Justice Lost (Darren Street #3)(14)



I had a long history with the Tipton family. One of them, a grandson named James, became entangled in the murder trial in which Ben Clancy framed me. James was a witness against me and later recanted and helped get me out of prison, but the psychological and emotional damage inflicted upon him by Ben Clancy eventually drove him to shoot himself in the head. I was there, trying to talk him out of it, when he pulled the trigger.

Eugene, Ronnie, Granny, and Big Pappy Donovan later helped me hang Ben Clancy in their barn after Big Pappy and I kidnapped him. When I killed Donovan during our duel, I also disposed of him at the Tiptons’.

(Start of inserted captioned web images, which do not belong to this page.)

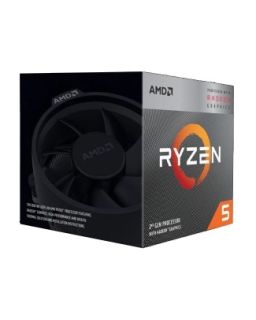 Procesor AMD Ryzen 5 3400G 4 cores 3.7GHz (4.2GHz) Box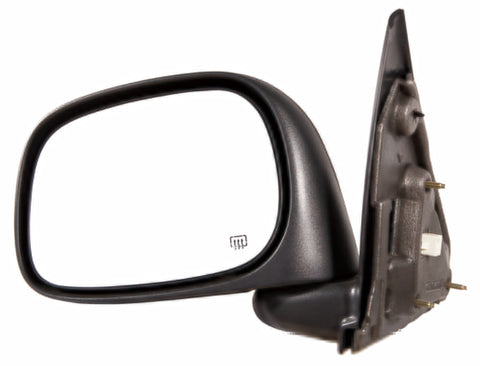 For Dodge Ram Pickup 2002 03 04 05 06 07 2008/ MEGA CAB/ 2500/ 3500 2005 06 07 08 2009 w/o TOWING Pkg Power Heated Mirror Driver Side (Textured) 55077925AD CH1320215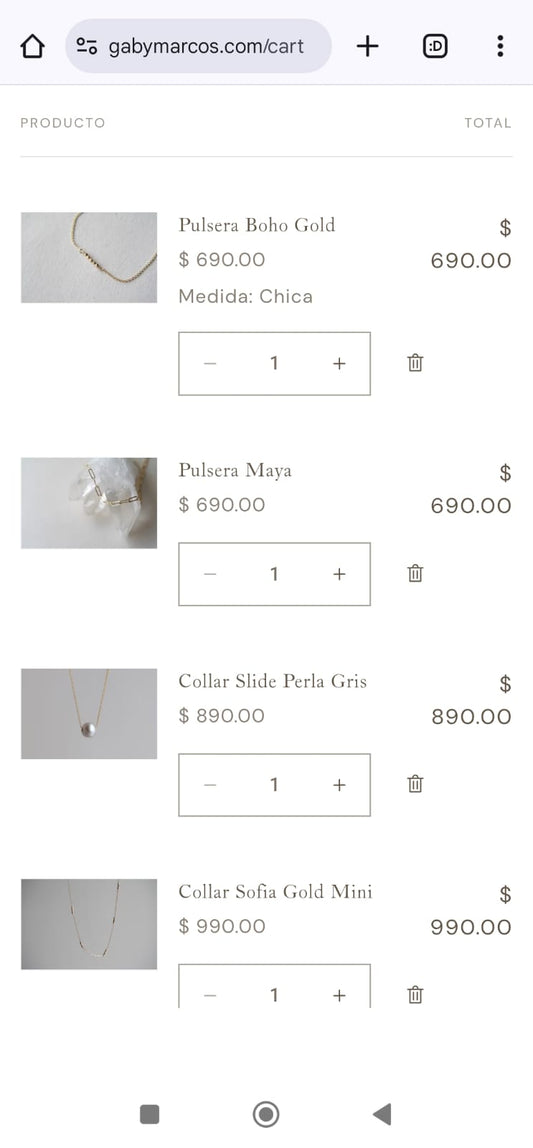 Pedido especial karina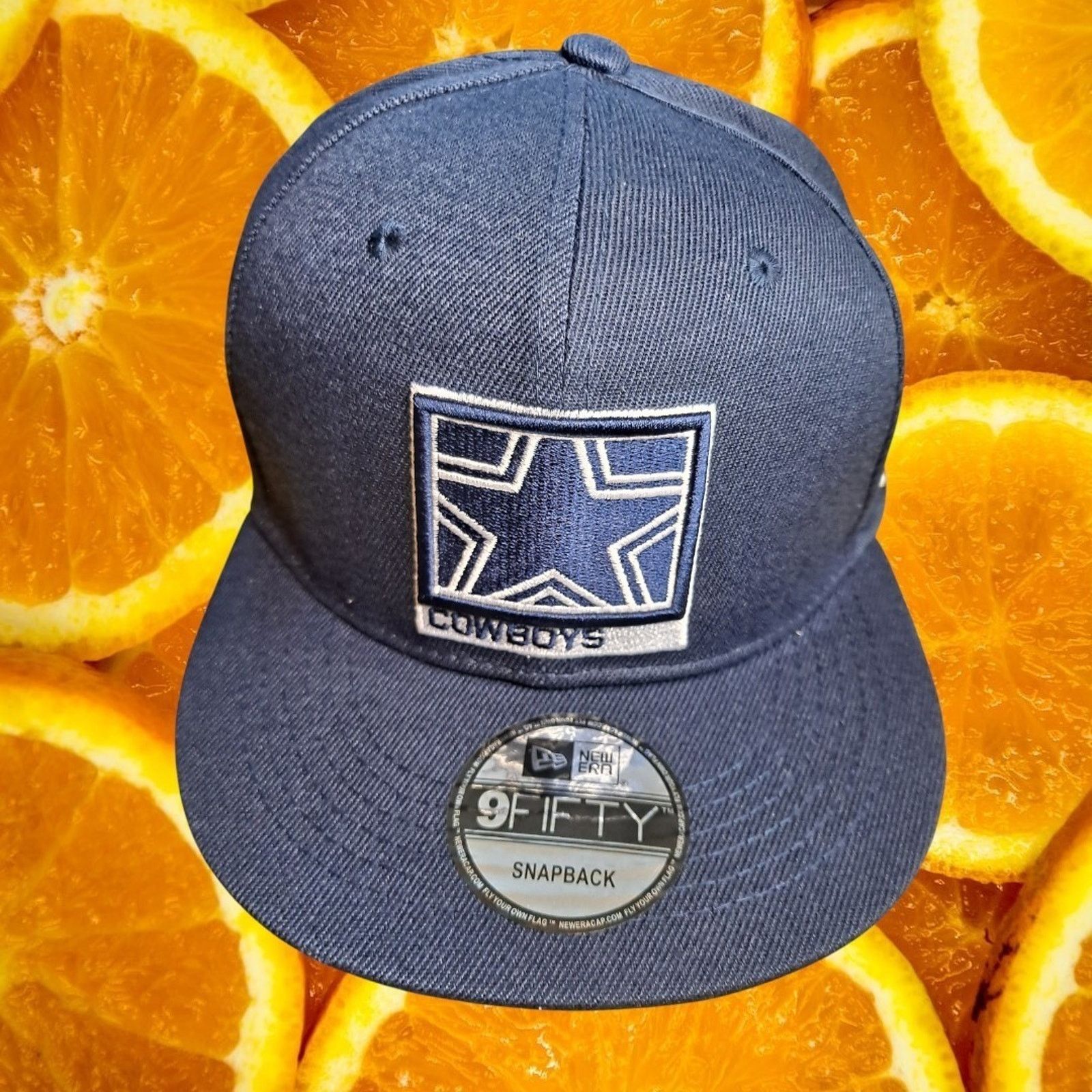 New Era New Era Dallas Cowboys NFL Vintage Collection Snapback Hat Size ONE SIZE - 1 Thumbnail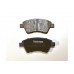 Дисковые тормозные колодки передние на Renault Kangoo (4х4) 1998-2008 Transporterparts (Франция) 04.0183
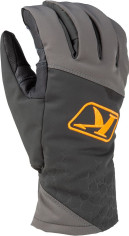 Manusi Snowmobil Insulated Powerxross Asphalt/Strike Orange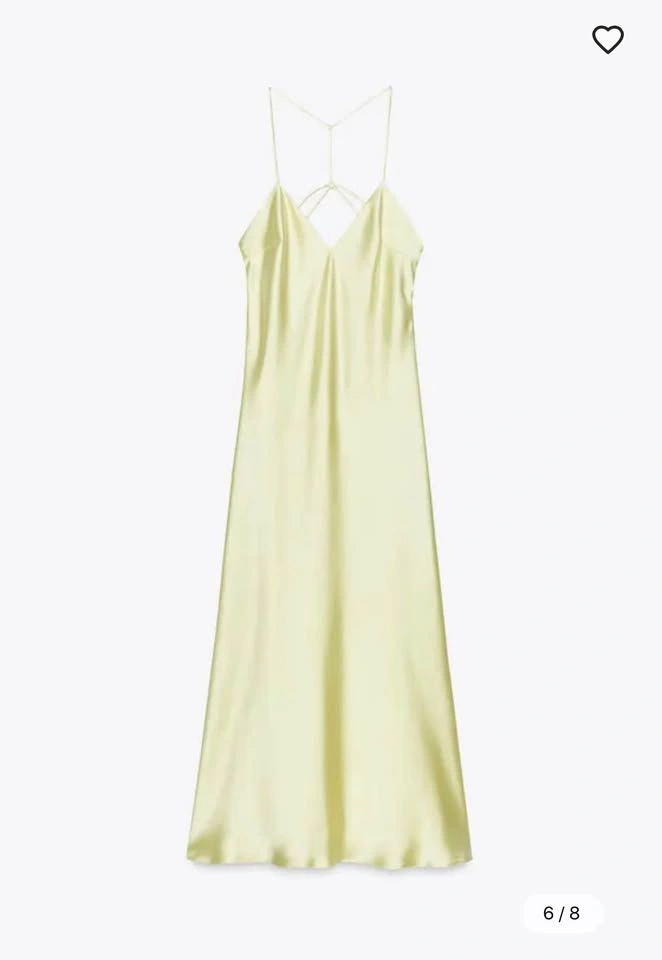 New Zara Lime Dress - photo 5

“So something has gone wrong,” Granny said.

“You haven’t heard what happened to Grace?”

Granny looked at me, puzzled, and said, “No, Darren. What happened to her?”

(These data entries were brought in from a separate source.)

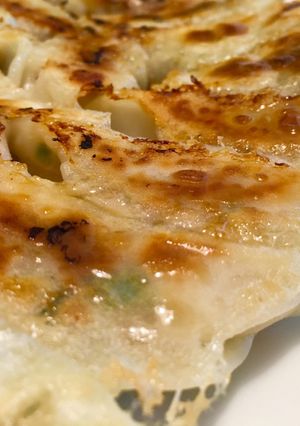 ヘルシー・簡単・超絶品✨お豆腐ニラ餃子♬-レシピのメイン写真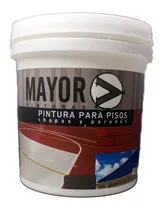 Comprar Pintura Para Pisos Mayor Multiusos Chapas Y Paredes 4lt
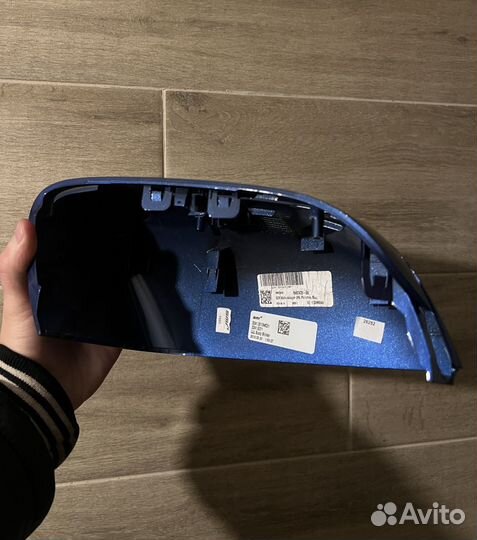 Накладки на зеркала bmw 3 g20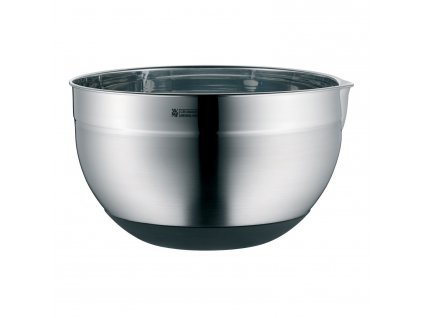 Kitchen bowl 20 cm, silicone bottom, stainless steel, WMF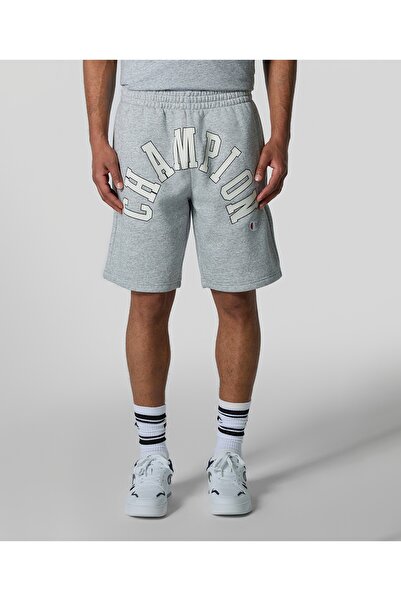 Champion Street Varsity Bermuda Gri Erkek Şort - 221206-EM021
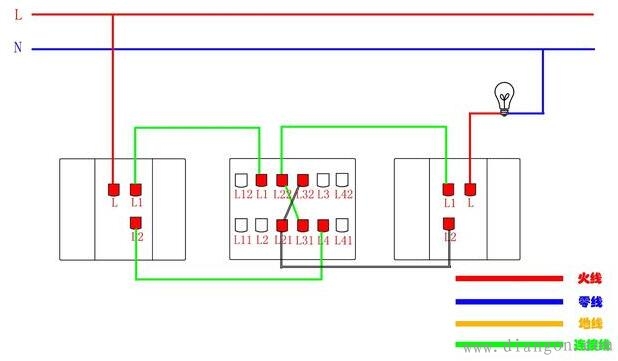 家装电工不求人:开关插座接线图大全 家装电工不求人:开关插座接线图大全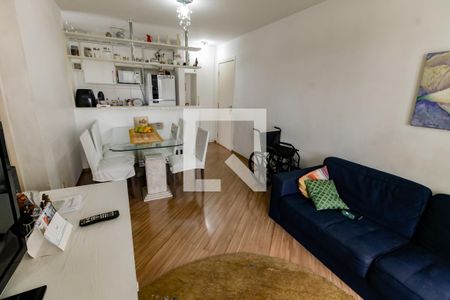 Sala de apartamento para alugar com 3 quartos, 67m² em Parque Reboucas, São Paulo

I told her about the night Grace and the baby died. I told her I’d tried to take it to the district attorney, but that he and the doctor were connected somehow and he wasn’t going to help.

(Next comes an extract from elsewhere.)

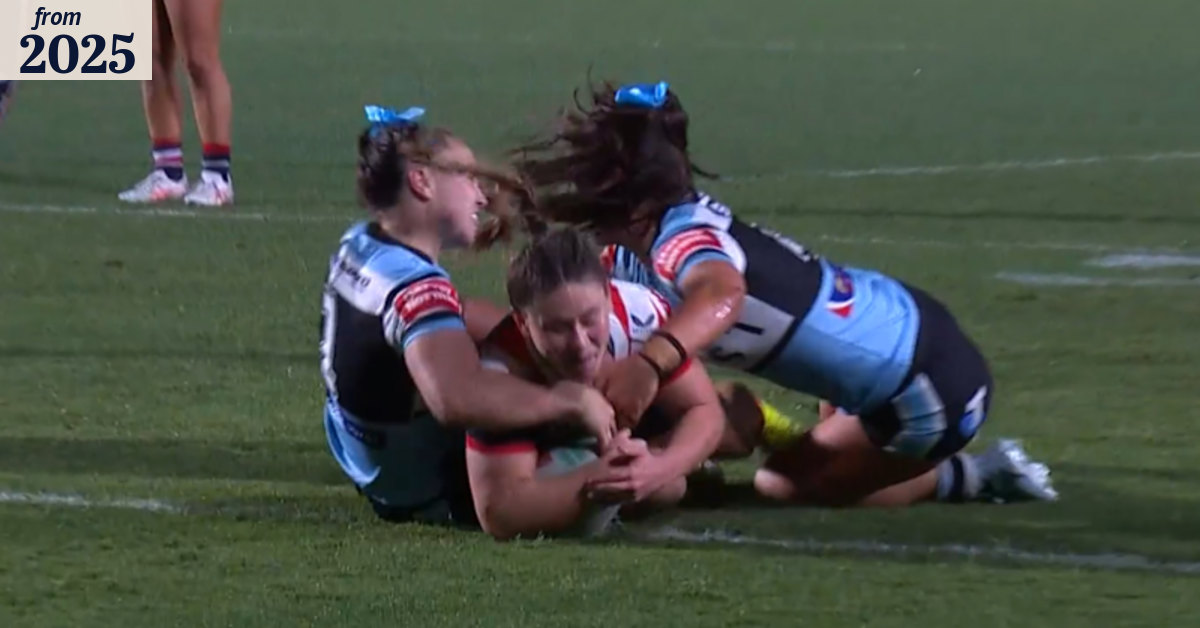 Davis extends the lead for the Roosters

“So you’re going to kill the doctor,” she said.

“Yes, I’m afraid I am. I don’t feel like I have a choice. If I don’t kill him, it’s almost like Grace’s death, the baby’s death, didn’t happen. There is no consequence to the doctor’s actions. It all just seems so unfinished. Do you understand?”

“I understand, Darren. The question is: when does it stop for you?”

“I don’t know. I suppose it stops when people stop killing those I love, and since there really isn’t anyone I love left except my son, Sean, maybe it stops after this one.”

“When do you want to do it?” Granny said.

“Soon. I think the district attorney warned him I might be coming after him and told him to hire some security. It’ll probably be off-duty cops or retired cops. If the doctor really thinks he needs protection, I think it’ll take him at least a week to get his act together. He’s a drunk, isn’t exactly on top of things.”

“How do you plan to kill him?” she said.

“I was thinking about that on the drive up here,” I said. “From everything I read about what happened in the operating room, my daughter suffocated, so I thought about strangling him. But Grace bled to death from a hemorrhage, so I think I’d like to look into his eyes while he bleeds out.”

“Which means you’re going to gut-shoot him or cut his throat,” Granny said.

“I was thinking more toward the throat.”

“You’ve become a cold-blooded killer, Darren. Do you know that? Is that something you’re ready to concede?”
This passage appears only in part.